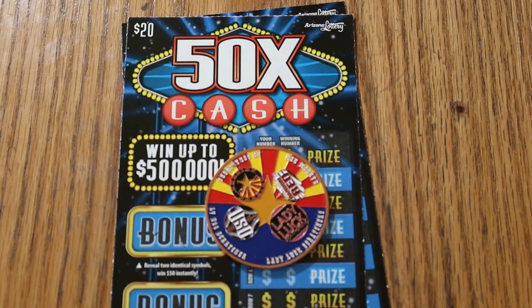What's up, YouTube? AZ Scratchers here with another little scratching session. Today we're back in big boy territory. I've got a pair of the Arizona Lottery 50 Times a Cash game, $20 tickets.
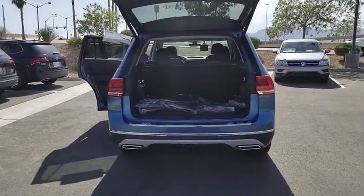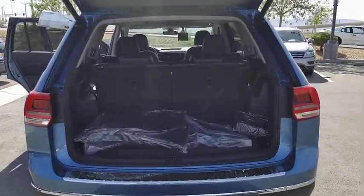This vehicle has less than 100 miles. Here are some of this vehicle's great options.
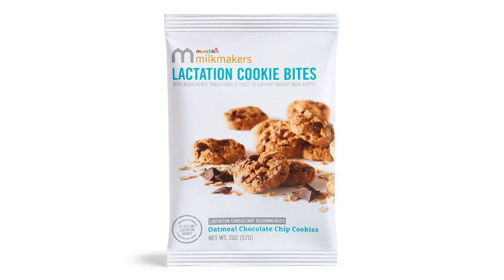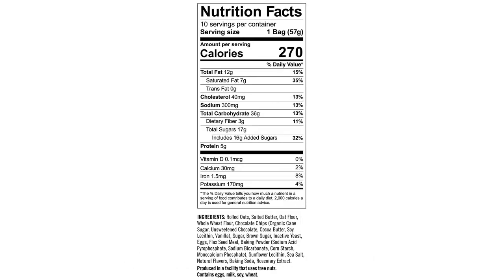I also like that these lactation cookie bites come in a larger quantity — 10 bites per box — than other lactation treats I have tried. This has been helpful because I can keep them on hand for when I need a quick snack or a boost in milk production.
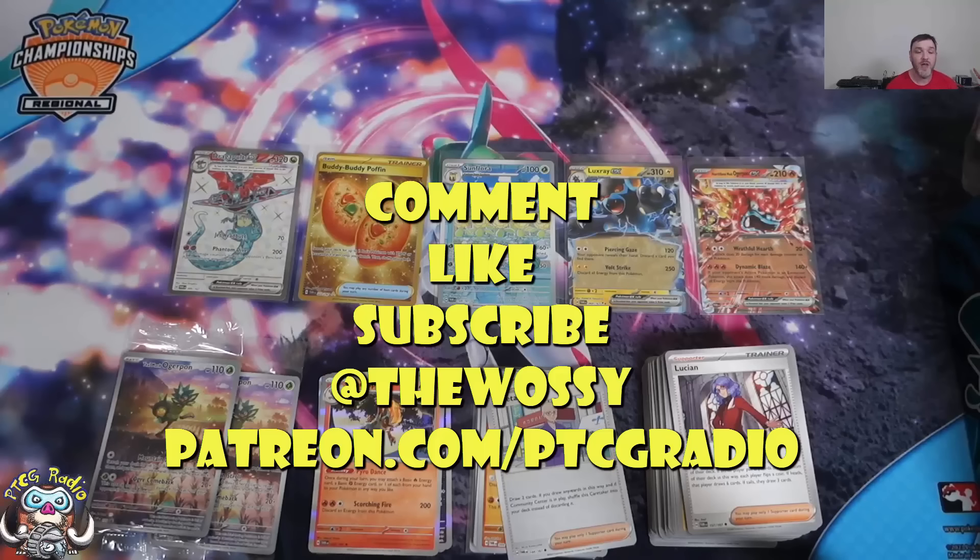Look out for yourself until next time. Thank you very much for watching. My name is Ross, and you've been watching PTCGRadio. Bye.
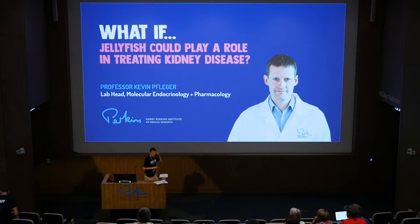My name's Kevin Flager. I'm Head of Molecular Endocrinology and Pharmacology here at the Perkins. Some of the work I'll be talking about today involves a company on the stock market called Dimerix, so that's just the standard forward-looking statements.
⁂
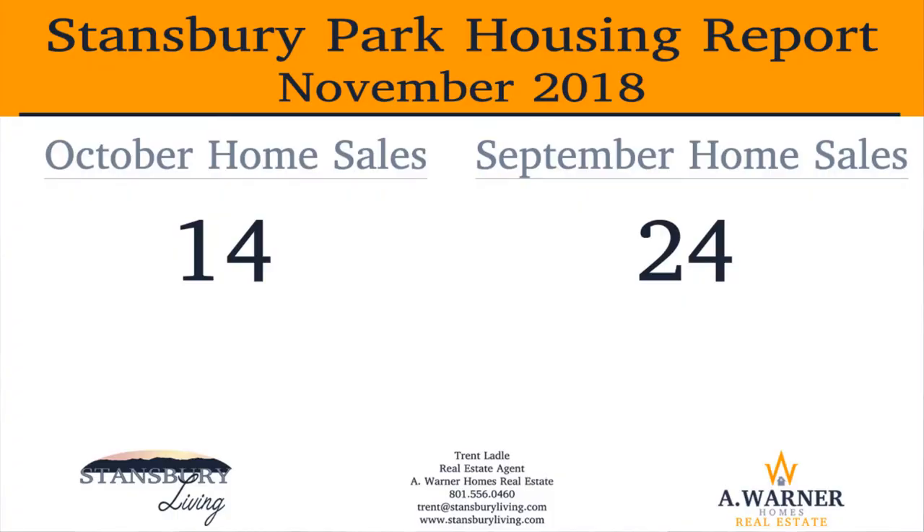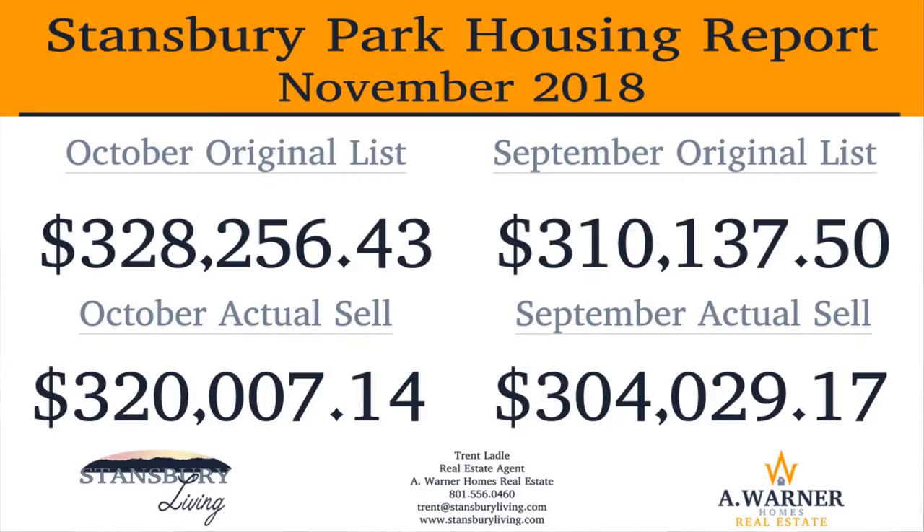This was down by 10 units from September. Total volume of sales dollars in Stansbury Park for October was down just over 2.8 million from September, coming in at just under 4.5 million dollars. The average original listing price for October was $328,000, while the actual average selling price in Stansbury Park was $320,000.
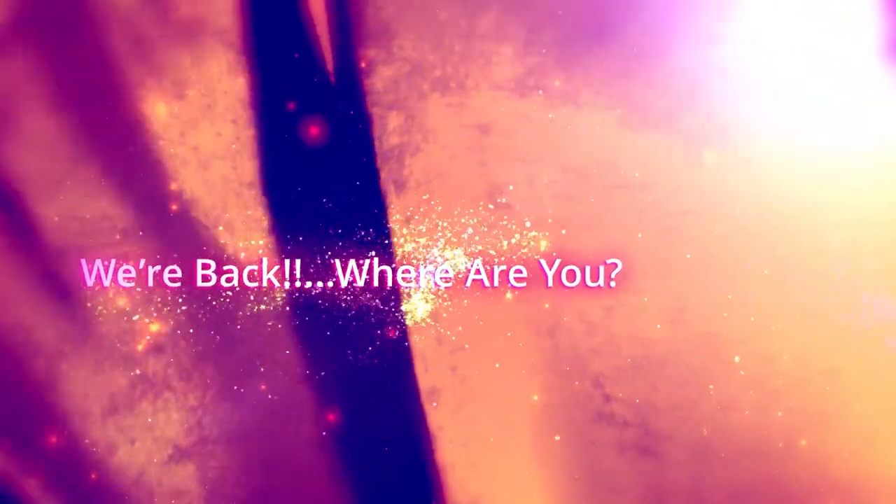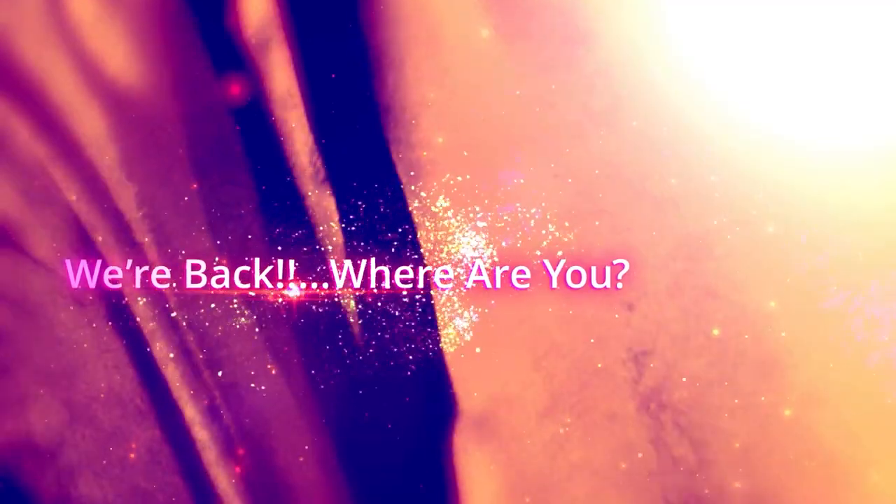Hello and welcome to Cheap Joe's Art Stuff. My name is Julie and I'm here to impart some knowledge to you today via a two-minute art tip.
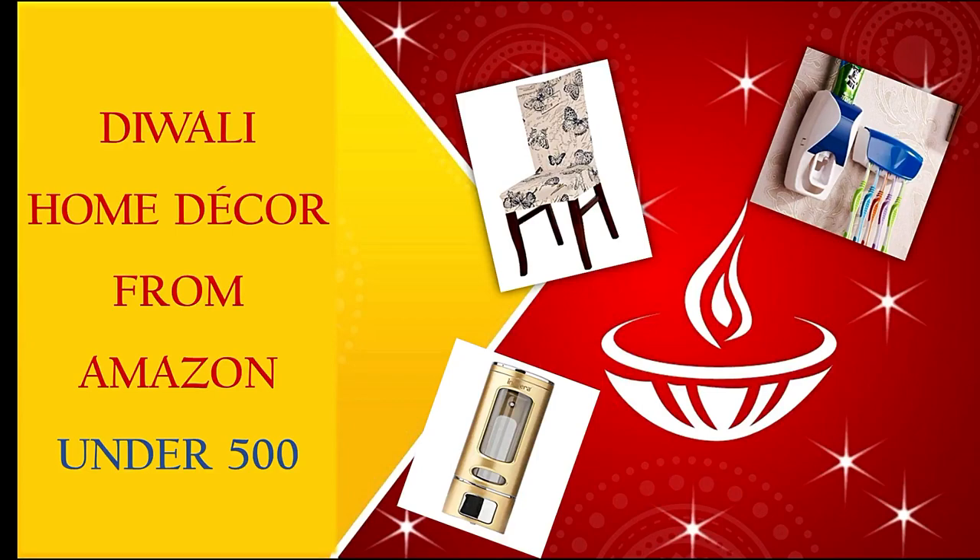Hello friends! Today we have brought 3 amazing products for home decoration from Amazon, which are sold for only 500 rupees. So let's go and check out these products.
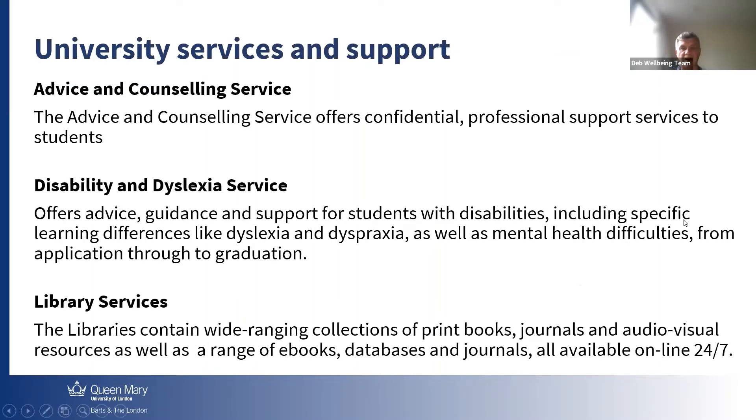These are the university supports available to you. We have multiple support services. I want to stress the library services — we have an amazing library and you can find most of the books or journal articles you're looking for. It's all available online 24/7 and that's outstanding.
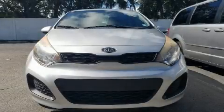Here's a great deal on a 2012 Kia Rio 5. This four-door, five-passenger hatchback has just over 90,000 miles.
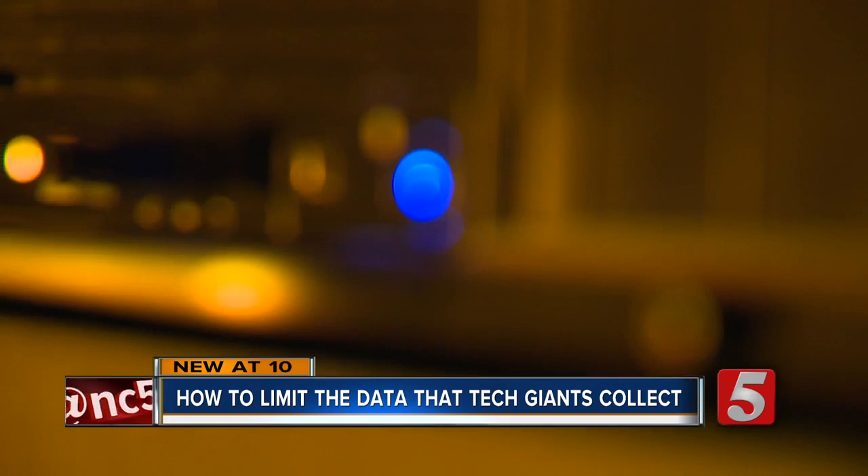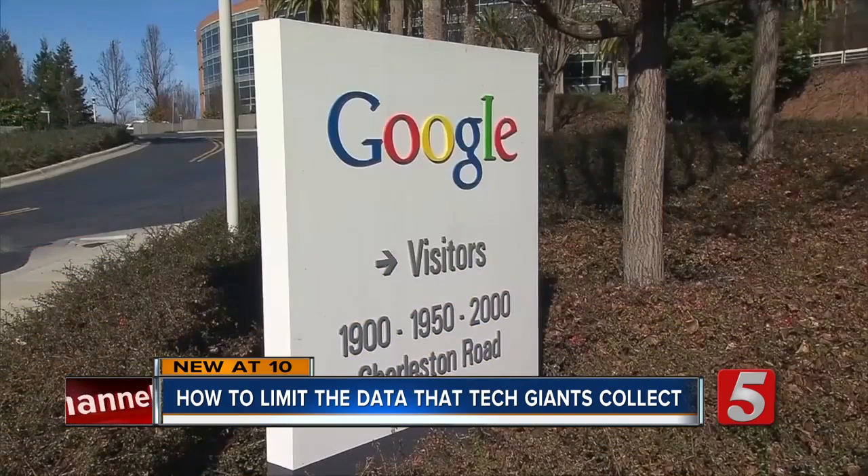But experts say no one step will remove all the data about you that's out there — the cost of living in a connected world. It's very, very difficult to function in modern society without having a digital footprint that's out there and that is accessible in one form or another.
⁂
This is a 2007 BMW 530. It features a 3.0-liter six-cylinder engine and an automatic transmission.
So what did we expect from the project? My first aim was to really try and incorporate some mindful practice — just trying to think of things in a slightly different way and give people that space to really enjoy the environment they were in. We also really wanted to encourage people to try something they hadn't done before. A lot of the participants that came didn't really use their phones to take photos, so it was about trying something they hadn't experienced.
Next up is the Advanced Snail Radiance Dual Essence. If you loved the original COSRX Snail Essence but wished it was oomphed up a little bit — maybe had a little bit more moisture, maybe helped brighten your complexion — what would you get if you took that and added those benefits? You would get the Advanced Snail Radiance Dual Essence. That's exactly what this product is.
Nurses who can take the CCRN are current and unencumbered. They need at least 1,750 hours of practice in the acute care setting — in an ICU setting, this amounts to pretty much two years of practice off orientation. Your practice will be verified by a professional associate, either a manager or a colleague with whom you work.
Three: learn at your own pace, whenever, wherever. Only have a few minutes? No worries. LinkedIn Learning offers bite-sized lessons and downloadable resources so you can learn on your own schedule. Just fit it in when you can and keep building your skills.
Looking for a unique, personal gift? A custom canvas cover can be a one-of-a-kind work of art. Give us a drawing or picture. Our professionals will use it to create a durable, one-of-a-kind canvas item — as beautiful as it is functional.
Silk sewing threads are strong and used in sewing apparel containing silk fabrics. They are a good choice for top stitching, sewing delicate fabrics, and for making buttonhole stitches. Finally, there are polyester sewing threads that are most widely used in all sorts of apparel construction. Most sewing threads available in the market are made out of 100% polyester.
⁂
**Task directions:** From the records above, return exactly the lines running from the one that contains "What's up, YouTube?" down to the one that contains "My name's Kevin", both included, without any pictures.

**Output of the exercise:**
What's up, YouTube? AZ Scratchers here with another little scratching session. Today we're back in big boy territory. I've got a pair of the Arizona Lottery 50 Times a Cash game, $20 tickets.
This vehicle has less than 100 miles. Here are some of this vehicle's great options.
I also like that these lactation cookie bites come in a larger quantity — 10 bites per box — than other lactation treats I have tried. This has been helpful because I can keep them on hand for when I need a quick snack or a boost in milk production.
Look out for yourself until next time. Thank you very much for watching. My name is Ross, and you've been watching PTCGRadio. Bye.
My name's Kevin Flager. I'm Head of Molecular Endocrinology and Pharmacology here at the Perkins. Some of the work I'll be talking about today involves a company on the stock market called Dimerix, so that's just the standard forward-looking statements.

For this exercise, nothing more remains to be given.